▶ _SOURCE MATERIAL_
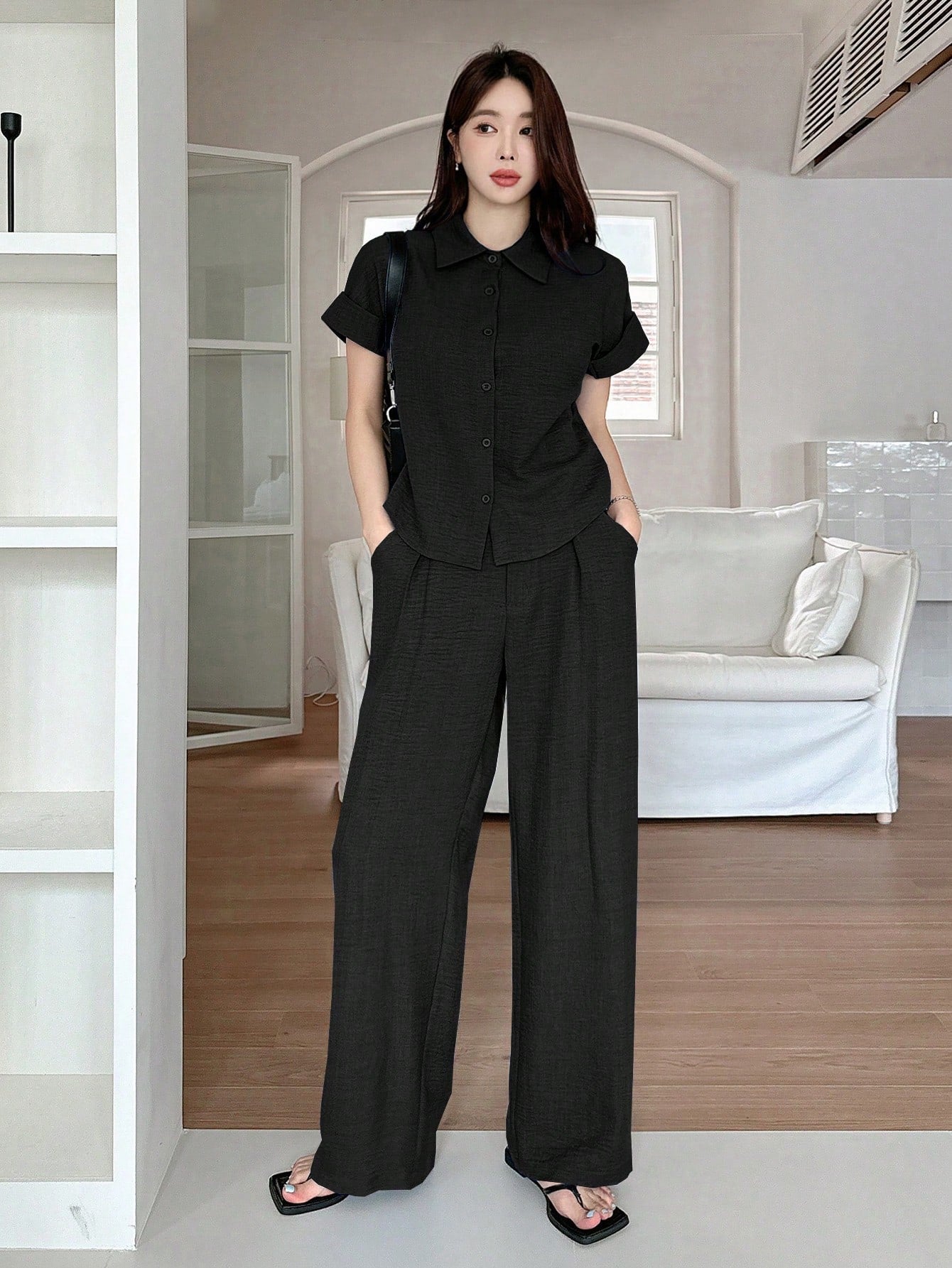CM-SS546688 Women Casual Seoul Style Solid Color Collar Neckline Batwing Sleeve Blouse With Wide Leg Pants - Set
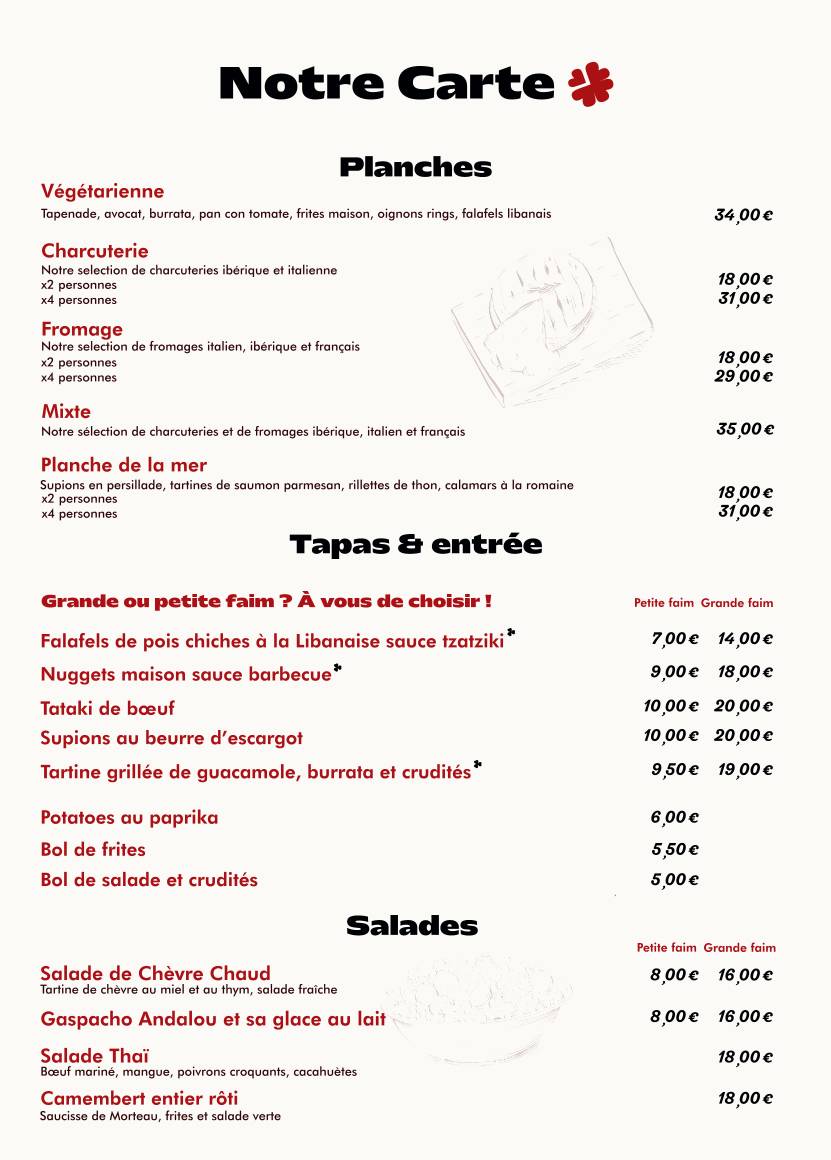 Menu de Trèfle Rouge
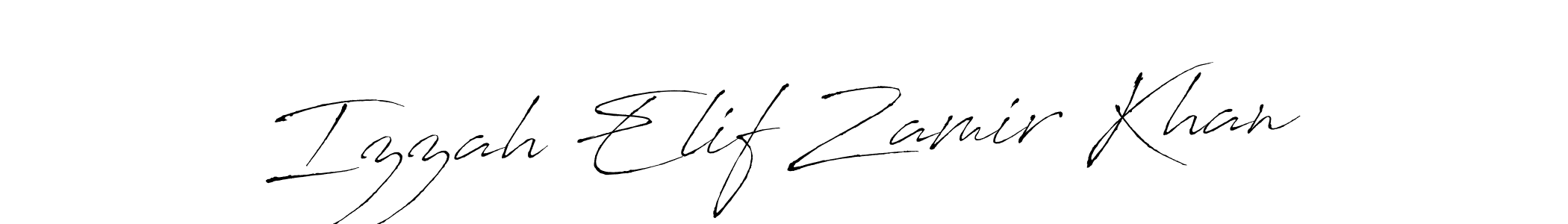 Create a beautiful signature design for name Izzah Elif Zamir Khan. With this signature (Antro_Vectra) fonts, you can make a handwritten signature for free. Izzah Elif Zamir Khan signature style 6 images and pictures png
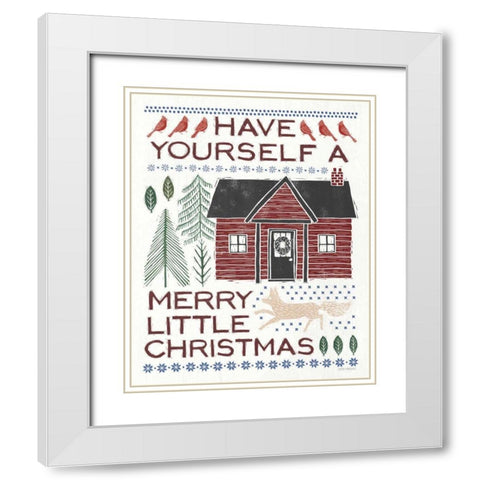 Woodcut Wonderland IV Red White Modern Wood Framed Art Print with Double Matting by Marshall, Laura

▶ _EXERCISE BRIEF_
Leave out all pictures, then copy the remaining material exactly.

▶ _WRITTEN REPLY_
CM-SS546688 Women Casual Seoul Style Solid Color Collar Neckline Batwing Sleeve Blouse With Wide Leg Pants - Set
 Menu de Trèfle Rouge
 Create a beautiful signature design for name Izzah Elif Zamir Khan. With this signature (Antro_Vectra) fonts, you can make a handwritten signature for free. Izzah Elif Zamir Khan signature style 6 images and pictures png
 Woodcut Wonderland IV Red White Modern Wood Framed Art Print with Double Matting by Marshall, Laura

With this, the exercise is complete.